**PROBLEM STATEMENT**.
Print each line below verbatim, skipping every picture.

**SOURCE DATA**.

____

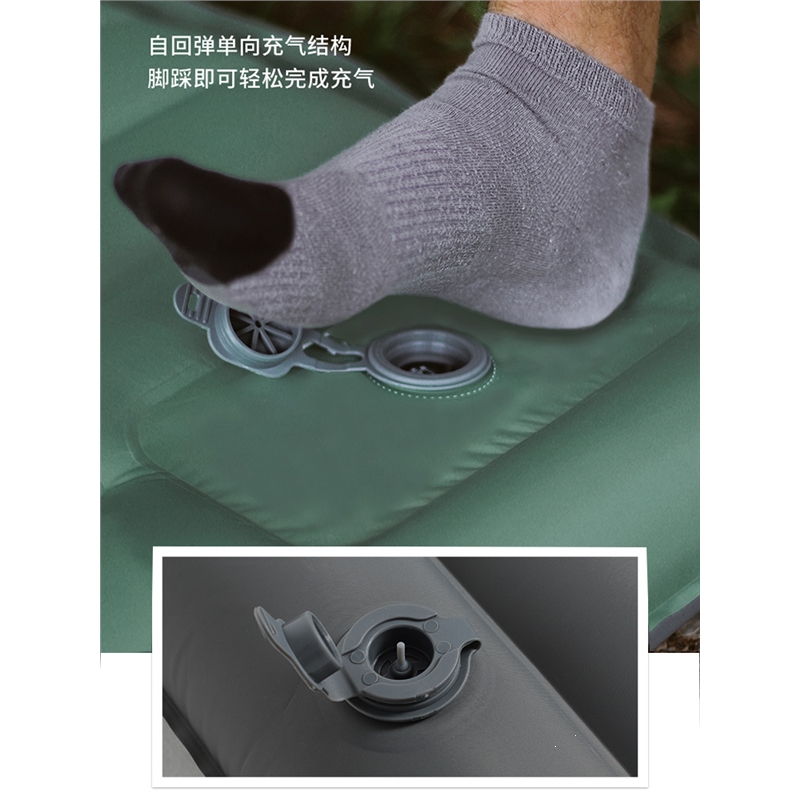 露营单人充气床垫帐篷地垫气垫床闪电客户外野营防潮垫加厚打地铺午休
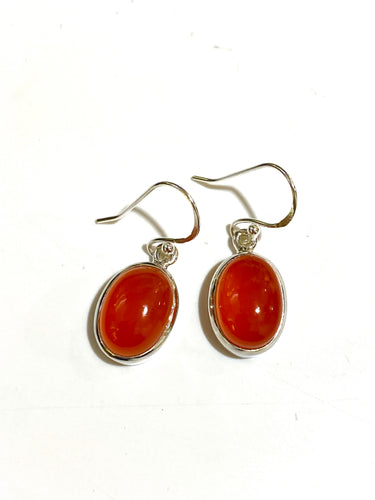 Carnelian Drop Earrings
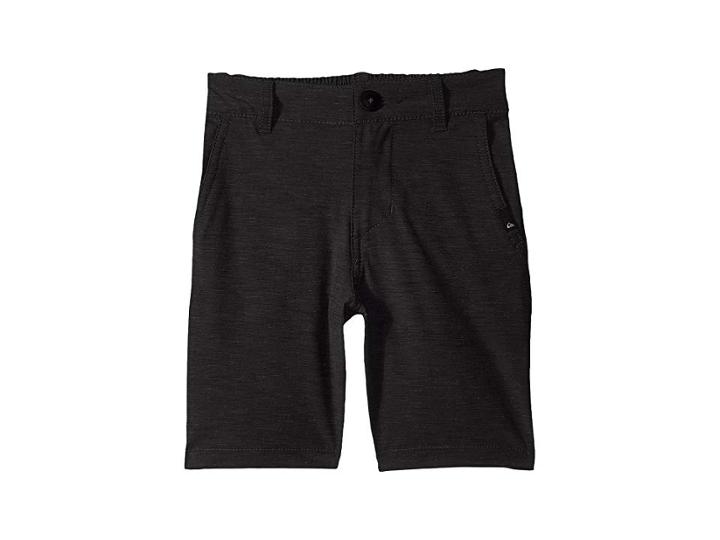 Quiksilver Kids Union Heather Amphibian Shorts (big Kids) (black) Boy's Shorts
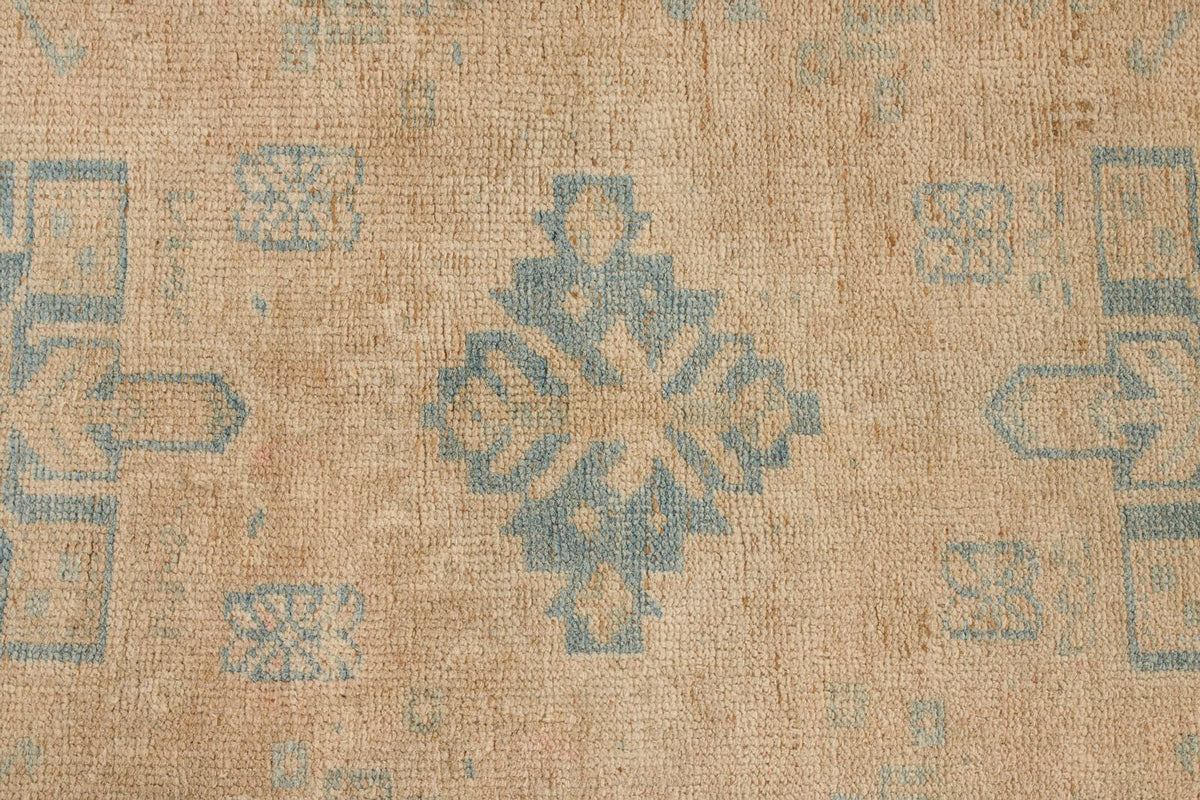 3x10 Ivory and Blue Persian Runner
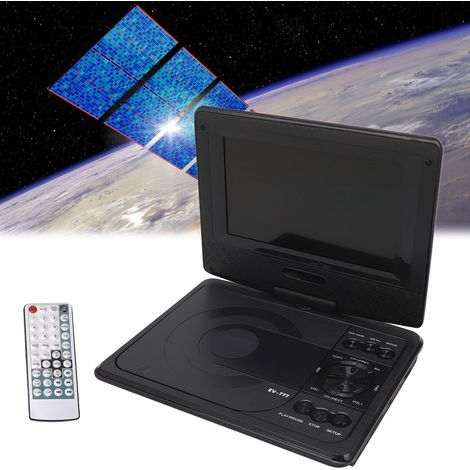 Moniteur externe MP5 Full HD 7 pouces, prise standard européenne 110-240V, compatible carte SIM USB, appuie-tête de voiture avec résolution 1080P (unité principale livrée avec batterie intégrée, téléc (1/5)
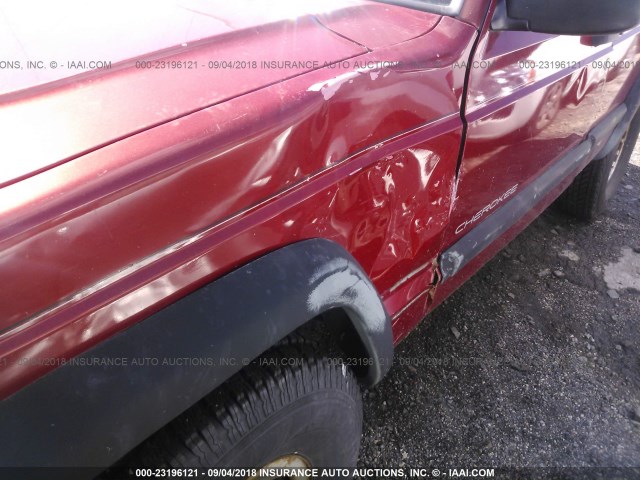 1J4FT68S4WL158949 - 1998 JEEP CHEROKEE SPORT/CLASSIC წითელი ფოტო 6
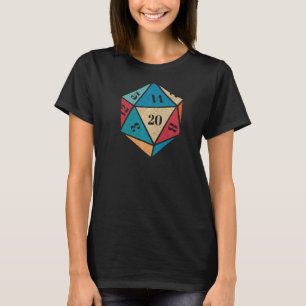 Role Playing Game RPG Dice with dragon role playin T-Shirt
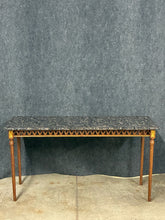 Load image into Gallery viewer, Traditional Carved Wood Console Table with Granite Top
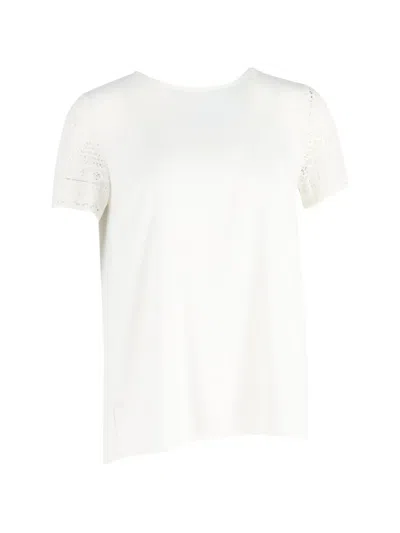Pre-owned Michael Kors Vintage Short-sleeve Crew-neck Top In White
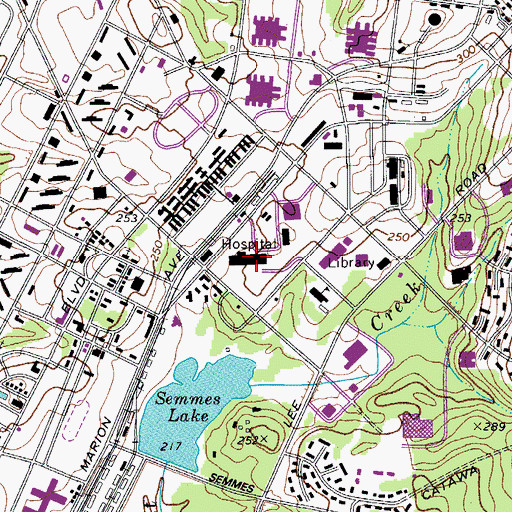 Topographic Map of Moncrief Army Community Hospital, SC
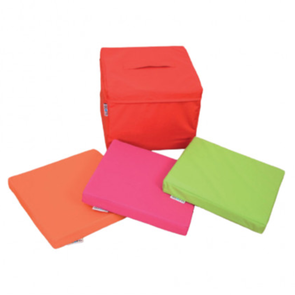 Set of Six Square Floor Pads + Carry Case Set of Six Square Floor Pads + Carry Case |  www.ee-supplies.co.uk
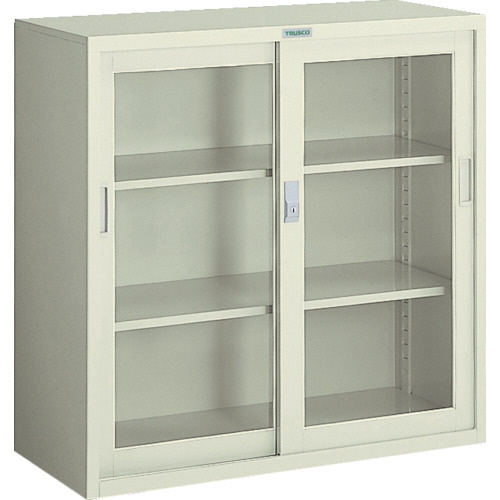 耐薬品保管庫 ｶﾞﾗｽ引違型 880×400×H880 1台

____

**SOLUTION BELOW**.
 露营单人充气床垫帐篷地垫气垫床闪电客户外野营防潮垫加厚打地铺午休
 Carnelian Drop Earrings
 Quiksilver Kids Union Heather Amphibian Shorts (big Kids) (black) Boy's Shorts
 3x10 Ivory and Blue Persian Runner
 Moniteur externe MP5 Full HD 7 pouces, prise standard européenne 110-240V, compatible carte SIM USB, appuie-tête de voiture avec résolution 1080P (unité principale livrée avec batterie intégrée, téléc (1/5)
 1J4FT68S4WL158949 - 1998 JEEP CHEROKEE SPORT/CLASSIC წითელი ფოტო 6
 Role Playing Game RPG Dice with dragon role playin T-Shirt
 Load image into Gallery viewer, Traditional Carved Wood Console Table with Granite Top
Pre-owned Michael Kors Vintage Short-sleeve Crew-neck Top In White
 Topographic Map of Moncrief Army Community Hospital, SC
 Set of Six Square Floor Pads + Carry Case Set of Six Square Floor Pads + Carry Case |  www.ee-supplies.co.uk
 耐薬品保管庫 ｶﾞﾗｽ引違型 880×400×H880 1台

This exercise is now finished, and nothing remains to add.